[Vision2020] UI Full Profs 26% Behind; UI Pres. 513% raise since 1982 vs. 226% for Full Profs.
Nicholas Gier
ngier006 at gmail.com
Mon Jun 8 15:32:17 PDT 2015
Visionaries:
I would support higher administration salaries if faculty salaries had kept
pace, which of course they have not.
The UI faculty union has published salary surveys every year since 1976,
the only exceptions being those years without raises. The attached file
UIFY2015.pdf will show salaries for each department and percentage raises
from FY14 to FY15.
*UI Full Profs 26% Behind National Average in Ph.D.-granting Institutions*
We have national salaries for full professors and principal administrators
all the way back to 1982. (See attached file Survey15.pdf.) For FY82 UI
full professors were only 17 percent behind their peers at Ph.D.-granting
institutions. For that rank there is now a 26 percent gap.
Fourteen years ago, UI associate professors were 13 percent behind, but now
they lag 17 percent. During that same year, UI assistant professors were
deficient by only 9 percent, but now they are 19 percent behind. Look at
Table III in the attached file Survey15.pdf to see where professors would
be if we had gone to a salary step system in 1976.

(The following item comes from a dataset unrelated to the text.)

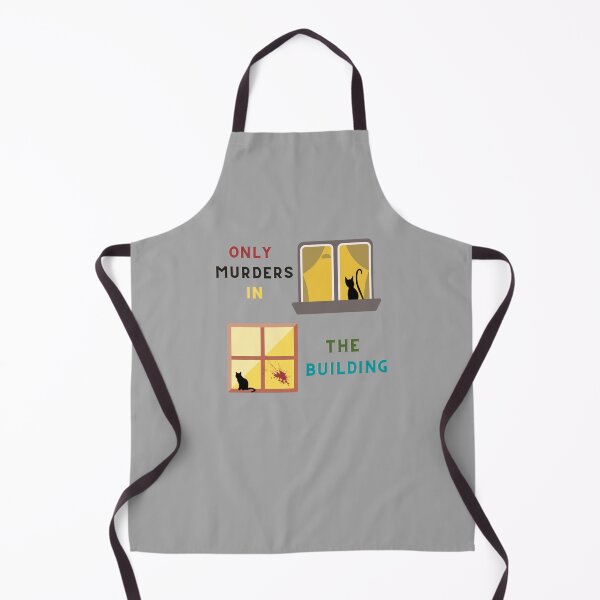 Item preview, only murders in the building s, murder in the buildings designed and sold by akiwera.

*UI Administrative Raises Up 395% over 33 Years **vs. Full Professors at
226%; CPI at 236*
In 1995 we thought that we had succeeded in curbing excessive increases in
administrative raises, but as Table II shows, they have outstripped full
professors by 169 percent over 33 years. During the period 1990-1995 raises
for the higher administration rose by 21.34 percent compared to 16.5
percent for faculty. When the AFT made these increases an issue in 1995,
the next year administrator pay rose only 2.33 percent, and since then
their annual raises have not been larger than the faculty’s. The huge
differentials since then have been due to new people hired at “market”

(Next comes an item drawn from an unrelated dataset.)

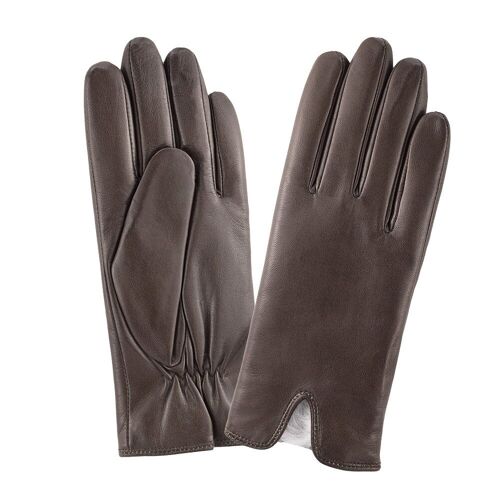 Gants cuir agneau-lapin-21391LA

rates. *For example, the new provost was hired at 31 percent above his
predecessor.*
*Staben’s $350,000 is a 513% increase over Gibb’s 1982 Salary;New Provost’s
$280,000 is 433% increase since 1982; UI Fulls at 226%*
In 1972 new assistant professors made about $10,000 and President Ernest
Hartung made about $30,000. When President Richard Gibb was hired in 1977,
his salary had risen to four times that of entry level faculty. Faculty
complaints became more vocal when Elizabeth Zinser’s FY94 salary was
$125,039, five times entry level salaries. Zinser promised that her “high
tide” wage would float all faculty boats, but instead our boats have been
swamped. Chuck Staben’s $350,000 is now seven times that of entry level
liberal arts faculty.
Those who justify these huge administrative salaries say: “This is what the
market demands, and we are still paying less than peer institutions.” If
faculty salaries had been keeping up, this would have been persuasive. But,
as the State Board of Education (our Regents) continues to approve these
administrative increases each year, faculty salaries have fallen further
and further behind.
*Collective Bargaining is the Only Answer*
During the late 1960s there was a large expansion of our public higher
education system. This was good for educational opportunity, but bad in the
way that this system developed according to a business model. University
presidents became less like academic leaders and more like CEOs, and their
salaries, as well as those of their bloated management teams, have
skyrocketed. (The UI has just added a new Vice-President for
Infrastructure.) A natural response to the industrialization of the
university was the rise of faculty unions. They now represent a large
majority of faculty in states where collective bargaining is allowed.
Idaho, unfortunately, is not one of them.
*An Idaho University Salary Step System*
A central feature of these union contracts is a salary step system that
guarantees cost of living increases as well as raises above that in good
years. It also provides for substantial promotion increments. If UI faculty
had gone for our salary step proposal in 1976 (see Table III), we would now
be at the top of our peers rather than at the bottom. Furthermore, faculty
without “market value”–those in the library, humanities, and social
sciences–would be making decent wages.
A society grows great when old men plant trees whose shade they know they
shall never sit in.
--Greek proverb
“Enlightenment is man’s emergence from his self-imposed immaturity.
Immaturity is the inability to use one’s understanding without guidance
from another. This immaturity is self- imposed when its cause lies not in
lack of understanding, but in lack of resolve and courage to use it without
guidance from another. Sapere Aude! ‘Have courage to use your own
understand-ing!—that is the motto of enlightenment.